> **Records for the task**:

>>>>>

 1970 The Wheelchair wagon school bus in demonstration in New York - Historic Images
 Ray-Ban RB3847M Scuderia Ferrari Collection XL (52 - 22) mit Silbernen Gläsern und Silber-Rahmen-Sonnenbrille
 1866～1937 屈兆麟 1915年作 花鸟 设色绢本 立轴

<<<<<
>>>>>

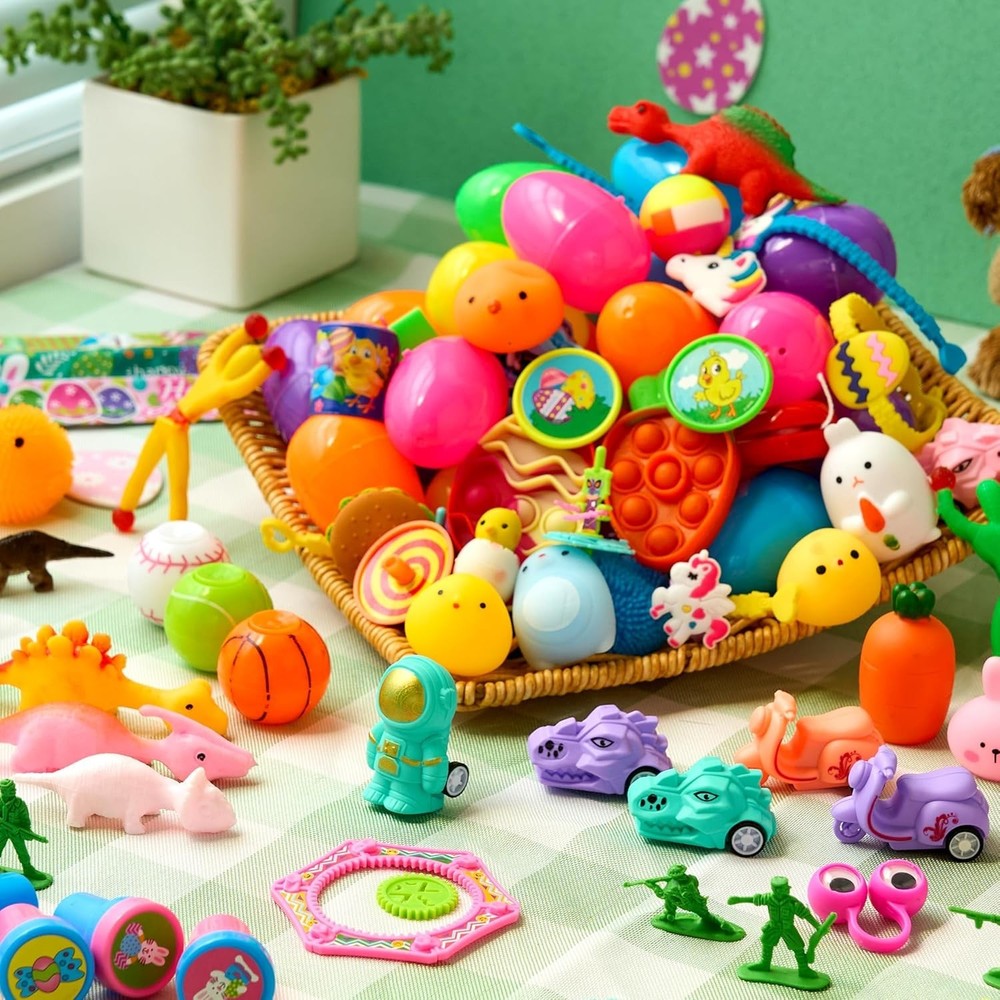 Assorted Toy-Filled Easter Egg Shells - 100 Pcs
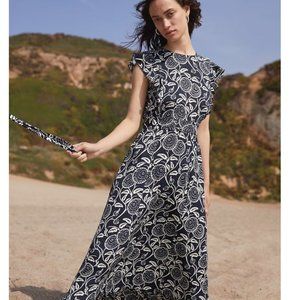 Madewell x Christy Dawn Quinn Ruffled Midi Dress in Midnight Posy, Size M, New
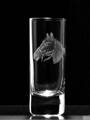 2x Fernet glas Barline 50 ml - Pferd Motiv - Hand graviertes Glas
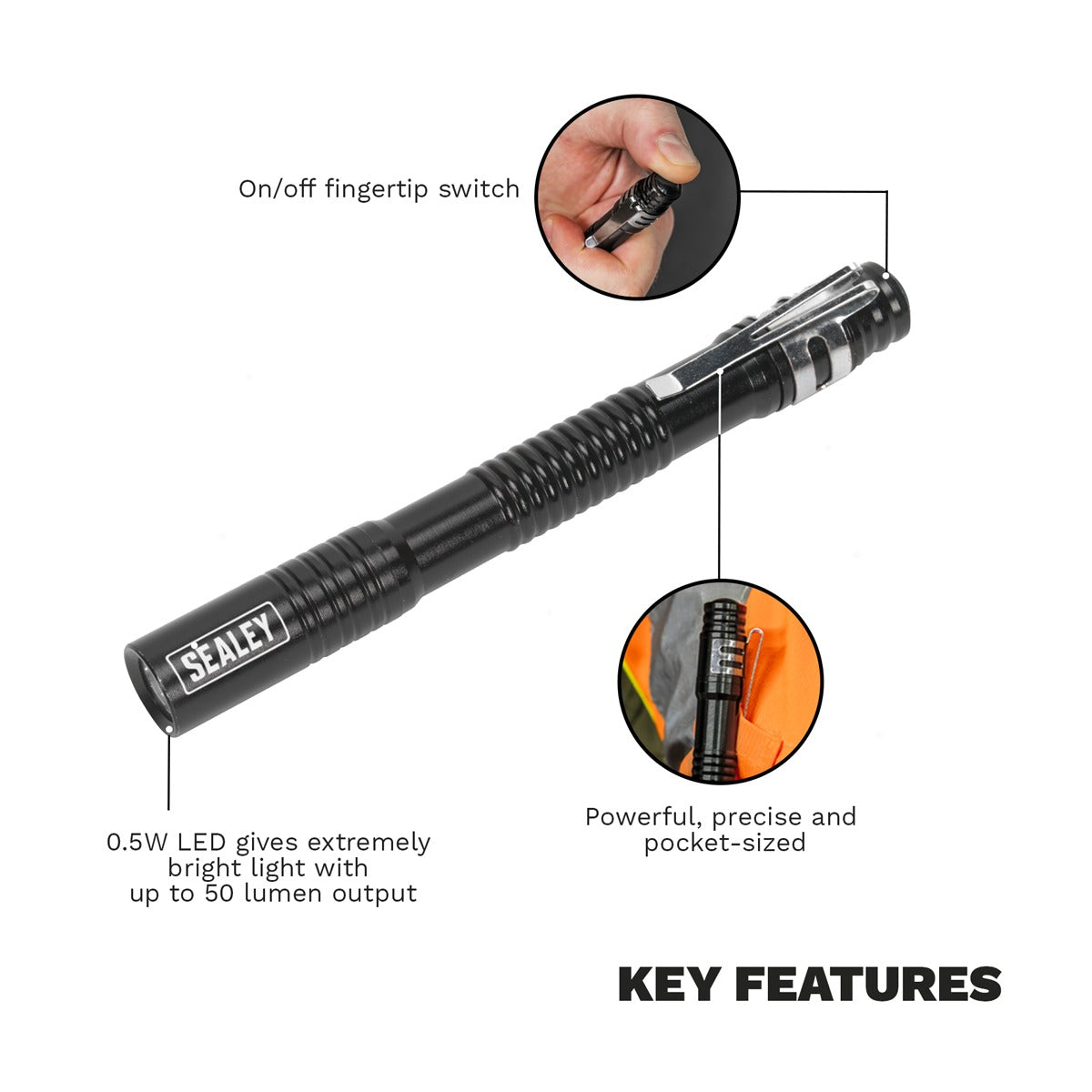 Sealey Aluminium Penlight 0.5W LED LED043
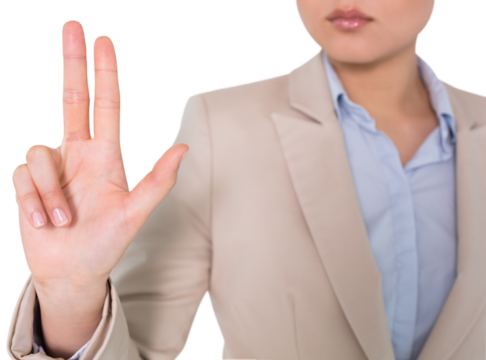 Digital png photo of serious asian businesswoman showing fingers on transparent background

<<<<<

> **Problem to work on**: In the records above, find the line with "Sealey Aluminium Penlight 0.5W LED LED043". Print exactly from there through the line with "Digital png photo", minus the pictures.

> **Response to this exercise**:
 Sealey Aluminium Penlight 0.5W LED LED043
 Digital png photo of serious asian businesswoman showing fingers on transparent background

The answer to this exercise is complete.